START INFORMATION SHOWN
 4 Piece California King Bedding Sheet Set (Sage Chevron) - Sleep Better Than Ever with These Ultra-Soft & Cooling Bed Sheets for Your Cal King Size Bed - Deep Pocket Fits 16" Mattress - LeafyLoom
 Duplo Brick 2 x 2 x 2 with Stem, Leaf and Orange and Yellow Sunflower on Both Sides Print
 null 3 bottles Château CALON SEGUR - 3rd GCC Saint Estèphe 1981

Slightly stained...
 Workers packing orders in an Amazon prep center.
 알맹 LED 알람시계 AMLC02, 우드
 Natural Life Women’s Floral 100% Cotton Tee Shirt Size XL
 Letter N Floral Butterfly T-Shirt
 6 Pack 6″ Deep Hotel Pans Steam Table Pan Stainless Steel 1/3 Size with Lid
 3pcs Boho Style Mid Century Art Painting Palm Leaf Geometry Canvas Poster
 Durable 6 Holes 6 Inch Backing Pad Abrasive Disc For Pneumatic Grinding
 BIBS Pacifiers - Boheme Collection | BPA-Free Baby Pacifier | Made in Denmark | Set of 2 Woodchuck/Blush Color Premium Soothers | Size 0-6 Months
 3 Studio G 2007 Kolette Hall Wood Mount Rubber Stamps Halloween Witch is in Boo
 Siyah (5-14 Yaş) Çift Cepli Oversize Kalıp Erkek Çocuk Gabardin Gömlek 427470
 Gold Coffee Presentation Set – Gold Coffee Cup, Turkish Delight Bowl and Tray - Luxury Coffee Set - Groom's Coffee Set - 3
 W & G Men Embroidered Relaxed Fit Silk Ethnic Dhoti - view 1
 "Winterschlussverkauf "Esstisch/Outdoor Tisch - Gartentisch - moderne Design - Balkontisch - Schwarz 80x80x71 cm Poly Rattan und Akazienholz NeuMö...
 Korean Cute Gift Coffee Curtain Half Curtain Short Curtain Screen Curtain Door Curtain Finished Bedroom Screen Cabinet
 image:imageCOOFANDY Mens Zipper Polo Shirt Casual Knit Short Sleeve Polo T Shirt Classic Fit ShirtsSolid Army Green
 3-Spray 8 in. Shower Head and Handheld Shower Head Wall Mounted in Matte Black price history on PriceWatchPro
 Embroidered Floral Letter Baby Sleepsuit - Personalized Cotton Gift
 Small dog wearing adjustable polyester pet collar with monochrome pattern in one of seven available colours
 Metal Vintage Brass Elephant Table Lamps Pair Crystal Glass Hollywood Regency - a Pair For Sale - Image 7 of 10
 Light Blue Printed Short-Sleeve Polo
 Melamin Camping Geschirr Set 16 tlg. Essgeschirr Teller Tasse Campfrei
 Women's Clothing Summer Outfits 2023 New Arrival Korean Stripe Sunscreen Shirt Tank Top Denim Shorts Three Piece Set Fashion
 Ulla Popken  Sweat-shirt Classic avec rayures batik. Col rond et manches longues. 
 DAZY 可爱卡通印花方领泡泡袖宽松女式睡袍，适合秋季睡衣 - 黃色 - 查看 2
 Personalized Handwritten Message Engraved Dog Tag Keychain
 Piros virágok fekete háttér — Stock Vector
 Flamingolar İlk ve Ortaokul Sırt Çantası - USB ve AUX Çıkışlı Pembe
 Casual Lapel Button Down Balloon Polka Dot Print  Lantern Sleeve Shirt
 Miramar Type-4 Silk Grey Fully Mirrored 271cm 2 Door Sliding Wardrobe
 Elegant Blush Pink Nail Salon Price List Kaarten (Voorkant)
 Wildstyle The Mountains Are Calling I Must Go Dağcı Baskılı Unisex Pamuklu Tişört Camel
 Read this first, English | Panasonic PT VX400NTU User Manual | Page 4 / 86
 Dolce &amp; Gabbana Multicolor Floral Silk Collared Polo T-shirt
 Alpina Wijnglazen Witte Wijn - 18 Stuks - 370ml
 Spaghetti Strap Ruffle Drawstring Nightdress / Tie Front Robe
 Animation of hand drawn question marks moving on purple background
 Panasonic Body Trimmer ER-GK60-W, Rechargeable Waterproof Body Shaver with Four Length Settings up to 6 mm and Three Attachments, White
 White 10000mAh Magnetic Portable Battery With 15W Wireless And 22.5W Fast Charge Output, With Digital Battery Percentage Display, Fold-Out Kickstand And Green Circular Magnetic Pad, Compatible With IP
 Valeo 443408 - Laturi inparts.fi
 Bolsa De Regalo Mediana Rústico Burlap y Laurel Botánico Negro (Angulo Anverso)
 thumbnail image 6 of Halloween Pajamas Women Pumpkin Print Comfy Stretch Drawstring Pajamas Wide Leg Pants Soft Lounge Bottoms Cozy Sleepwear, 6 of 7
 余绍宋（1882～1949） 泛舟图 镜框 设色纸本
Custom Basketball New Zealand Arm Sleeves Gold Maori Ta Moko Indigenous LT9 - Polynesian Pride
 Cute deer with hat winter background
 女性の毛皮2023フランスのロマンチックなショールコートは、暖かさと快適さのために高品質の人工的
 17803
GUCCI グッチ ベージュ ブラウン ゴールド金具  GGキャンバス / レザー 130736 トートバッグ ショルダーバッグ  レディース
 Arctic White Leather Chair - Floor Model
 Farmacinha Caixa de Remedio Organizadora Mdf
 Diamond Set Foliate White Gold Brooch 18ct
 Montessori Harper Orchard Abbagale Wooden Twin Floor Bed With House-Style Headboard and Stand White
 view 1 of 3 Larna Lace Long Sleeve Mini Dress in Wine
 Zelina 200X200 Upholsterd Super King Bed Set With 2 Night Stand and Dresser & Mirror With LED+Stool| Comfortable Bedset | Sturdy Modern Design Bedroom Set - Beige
END INFORMATION SHOWN
> _TASK REQUIREMENTS_
Scan the lines above for the word "Floor". Return each one that has it.

> _SOLUTION FOR THIS PROBLEM_
 Arctic White Leather Chair - Floor Model
 Montessori Harper Orchard Abbagale Wooden Twin Floor Bed With House-Style Headboard and Stand White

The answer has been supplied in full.